Safety issues should also be taken into account when initiating TD strategy. TP, when used in combination with anti-TNF agents, may be associated with an increased risk of opportunistic infections in patients with IBD.[31] In the present study, safety was identical throughout the 3 groups (P = 0.89) during the 5 years’ follow-up. The rates of myelotoxicity (13.2%), infections (9.5%), arthralgia (8.9%), flu-like symptoms (7.9%), and GI reactions (7.4%) observed in the present study did not significantly differ from literature data.[32-35] Overall 21% of patients with CD discontinued TP therapy mainly due to side effects which made up to 11.6% of our study population. In previous studies, TP discontinuation rate due to side effects varies from 5–6%[35] to 30%.[36] And the incidence of withdraw were comparable among 3 groups except for that withdraw due to myelosuppression was more frequently occurred in the TD group, possibly due to the synergetic effect of AZA and anti-TNFs.

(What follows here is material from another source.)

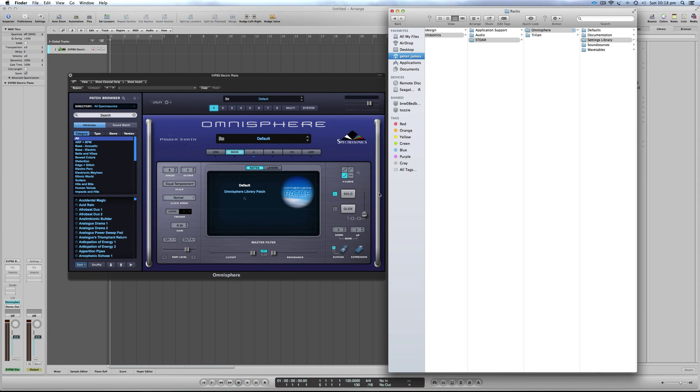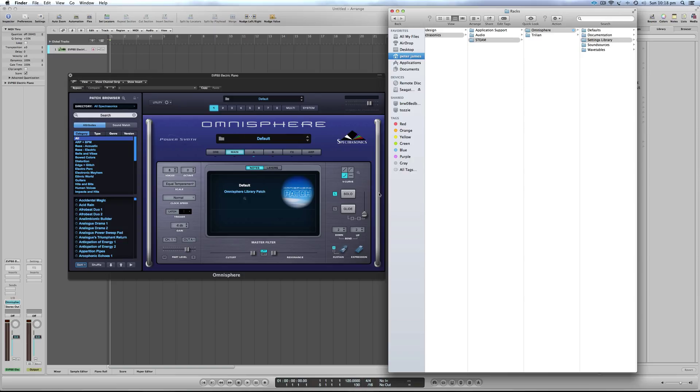Hey guys, for those who have upgraded to Omnisphere 2 or are about to upgrade, I wanted to do a quick tutorial showing you a slightly different location for the effects racks if you've purchased and installed any of my products from Multitracks.com or Petty James Productions.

This study had several limitations. First, the retrospective design could induce a bias of patient selection and information gathering. However, most of the data were collected prospectively and made these biases minimal. Second, tertiary-center referral bias was also likely to have influenced the outcomes considering the data source from a referral teaching hospital. Third, compliance to TP treatment was not assessed. But the regular check of 6-TGN concentration[37] within the target therapeutic window suggested good compliance of our cohort. Fourth, the lack of a validated endoscopic scoring system was an important limitation. Finally, the lack of a uniformed tool to evaluate bowel damage is an important limitation. The development of novel tools, such as the Lemann score,[7] will further our understanding of the potency of different strategies of TP in changing the natural course of CD.

In our single-center experience, both the AC and CM strategies are minimally effective for disease modification. TD strategy with potential of achieving higher rates MH, thus our results support the TD strategy in adult patients with early CD at risk for a disabling course.